Bersani era stato un riformista nell’ultimo governo di centrosinistra, tra il 2006 e il 2008. Ha promesso di non mettere in discussione l’austerità di bilancio e le riforme strutturali introdotte da Monti. Ma potrebbe trovare complicato mantenere quanto ha detto, dato che dipenderà dal sostegno di alleati di estrema sinistra e dei sindacati, ostili al cambiamento.
La settimana scorsa l’Economist aveva detto di considerare “ragionevole” uno scenario in cui Bersani diventasse presidente del Consiglio e Monti diventasse presidente della Repubblica. Oggi dice però che esiste una possibilità ancora migliore: “che sia lo stesso Monti a essere eletto presidente del Consiglio”. Per lo standard dei governi tecnici, infatti, le dimissioni inaspettate di Monti sono “un atto politico aggressivo”. Con dei rischi, ma anche con molte opportunità.
Se una lista guidata da Monti ottenesse da destra e da sinistra abbastanza voti da vincere le elezioni, un suo nuovo governo avrebbe un chiaro mandato per fare le riforme, specialmente relativamente alla concorrenza, alle liberalizzazioni, alla ricostruzione del settore pubblico. L’Italia non ha mai avuto un governo del genere. Un governo guidato da un centrista gradito alle imprese attrarrebbe anche molti dei sostenitori di Berlusconi. Mentre lo stesso PD di Bersani potrebbe far parte di questo governo, se gli venisse data adeguata rappresentanza: Bersani potrebbe fare il vicepresidente del Consiglio e il successore designato di Monti.
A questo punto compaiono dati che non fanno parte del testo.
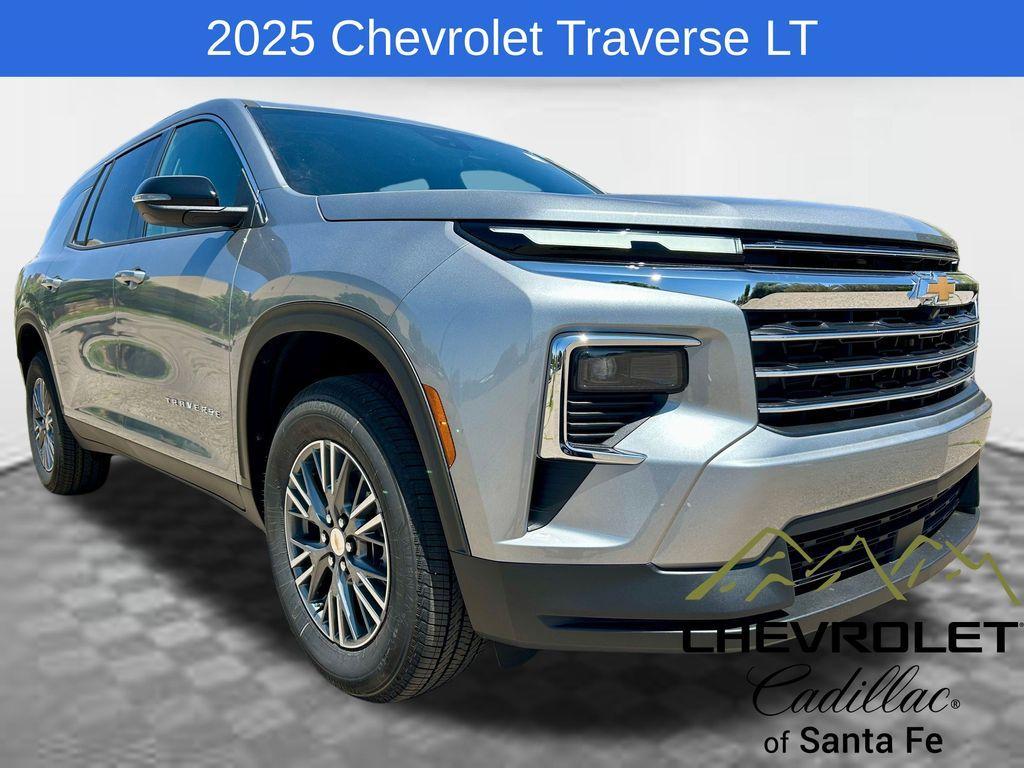 new 2025 Chevrolet Traverse car, priced at $43,195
L’Economist conclude ammettendo che tutto questo “potrebbe non funzionare”, soprattutto perché Monti non è un politico e non è mai stato candidato a nessuna carica elettiva. Per questo, si legge, dovrebbe chiarire adesso che cosa vuole fare: “se tiene al suo paese, questo è il momento di venire allo scoperto, farsi sotto e invitare altri centristi a unirsi a lui. Questa è una rara opportunità per cambiare le cose”.